Sections 23 to 26 make various changes to criminal statutes regarding prostitution and enticing a minor.  To the extent that offenders are prosecuted for new or expanded offenses under this bill, potential costs for incarceration or probation supervision in the community, or judicial revenue would result.  On average, it costs the state $7,260 (including benefits) to supervise an inmate in the community as opposed to $61,320 (including benefits) to incarcerate an offender. 

Section 28 makes changes to specified forfeiture laws concerning sexual exploitation and is anticipated to result in potential minimal revenue gain. While the bill allows all money and property (including motor vehicles) seized on the arrested person to be forfeited to the state, based on current arrests it is anticipated that it will generate minimal revenue as most of these crimes do not occur in owner vehicles.

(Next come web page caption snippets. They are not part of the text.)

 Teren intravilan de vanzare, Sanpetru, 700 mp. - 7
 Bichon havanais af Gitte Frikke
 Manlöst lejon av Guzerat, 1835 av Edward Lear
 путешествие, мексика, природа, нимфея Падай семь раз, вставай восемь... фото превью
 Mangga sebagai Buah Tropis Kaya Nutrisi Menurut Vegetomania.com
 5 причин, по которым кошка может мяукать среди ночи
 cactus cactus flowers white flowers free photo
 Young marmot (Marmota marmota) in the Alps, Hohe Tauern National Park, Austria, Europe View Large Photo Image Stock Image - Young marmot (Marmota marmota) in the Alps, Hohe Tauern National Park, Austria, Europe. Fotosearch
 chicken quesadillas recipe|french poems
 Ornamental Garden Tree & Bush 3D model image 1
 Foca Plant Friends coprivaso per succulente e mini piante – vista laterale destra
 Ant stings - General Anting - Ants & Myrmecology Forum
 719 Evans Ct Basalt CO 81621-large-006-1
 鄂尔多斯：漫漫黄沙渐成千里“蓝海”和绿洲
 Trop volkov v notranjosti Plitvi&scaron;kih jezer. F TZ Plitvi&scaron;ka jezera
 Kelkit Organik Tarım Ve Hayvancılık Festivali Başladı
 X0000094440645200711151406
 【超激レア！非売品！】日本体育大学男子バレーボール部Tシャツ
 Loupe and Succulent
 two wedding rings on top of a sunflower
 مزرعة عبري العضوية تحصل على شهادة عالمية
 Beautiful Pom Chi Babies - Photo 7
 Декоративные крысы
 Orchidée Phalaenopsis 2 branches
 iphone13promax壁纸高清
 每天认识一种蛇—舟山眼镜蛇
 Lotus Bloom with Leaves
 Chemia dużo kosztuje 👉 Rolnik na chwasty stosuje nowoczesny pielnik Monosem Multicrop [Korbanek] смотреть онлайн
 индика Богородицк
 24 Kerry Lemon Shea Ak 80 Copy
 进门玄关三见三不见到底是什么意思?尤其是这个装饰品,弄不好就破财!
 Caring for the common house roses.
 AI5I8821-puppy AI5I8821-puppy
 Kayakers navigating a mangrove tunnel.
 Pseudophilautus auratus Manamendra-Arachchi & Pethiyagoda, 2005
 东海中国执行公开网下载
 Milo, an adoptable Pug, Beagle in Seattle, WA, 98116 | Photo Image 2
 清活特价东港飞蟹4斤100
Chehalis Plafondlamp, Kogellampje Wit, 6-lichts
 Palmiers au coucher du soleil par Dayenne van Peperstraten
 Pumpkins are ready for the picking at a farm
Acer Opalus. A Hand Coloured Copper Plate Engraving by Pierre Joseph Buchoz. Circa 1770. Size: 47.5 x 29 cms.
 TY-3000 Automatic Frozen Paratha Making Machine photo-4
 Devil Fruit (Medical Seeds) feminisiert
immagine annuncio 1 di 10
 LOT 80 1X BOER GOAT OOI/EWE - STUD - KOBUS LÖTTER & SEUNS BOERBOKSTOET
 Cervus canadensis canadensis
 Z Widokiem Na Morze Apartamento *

Section 29 expands the offense of trafficking in persons. To the extent that offenders are prosecuted for new or expanded offenses under this bill, potential costs for incarceration or probation supervision in the community, or judicial revenue would result.  On average, it costs the state $7,260 (including benefits) to supervise an inmate in the community as opposed to $61,320 (including benefits) to incarcerate an offender. However, it should be noted that while there were 45 charges under this statute in FY 15, only one charge resulted in a conviction.

Sections 30 and 31 lower the standard of proof for the termination of parental rights in cases of sexual assault, which will result in an increase in federal funding received by Connecticut under the Violence Against Women Act by approximately $200,000.

Sections 1, 2, 5, 6, 8-14, 17, 19, 20, 21 and 27 make various changes that do not result in a fiscal impact.

The Out Years

The annualized ongoing fiscal impact identified above would continue into the future subject to inflation.

Sources:

Judicial Department Offenses and Revenue Database

OLR Bill Analysis

sHB 5623

AN ACT CONCERNING VIOLENCE AGAINST WOMEN, ACCESS TO MARSHALS, AND VICTIMS OF HUMAN TRAFFICKING.

SUMMARY:

This bill makes changes in various laws that relate to orders of protection (see BACKGROUND), service of process, firearms and ammunition possession, human trafficking, parental rights, and domestic violence.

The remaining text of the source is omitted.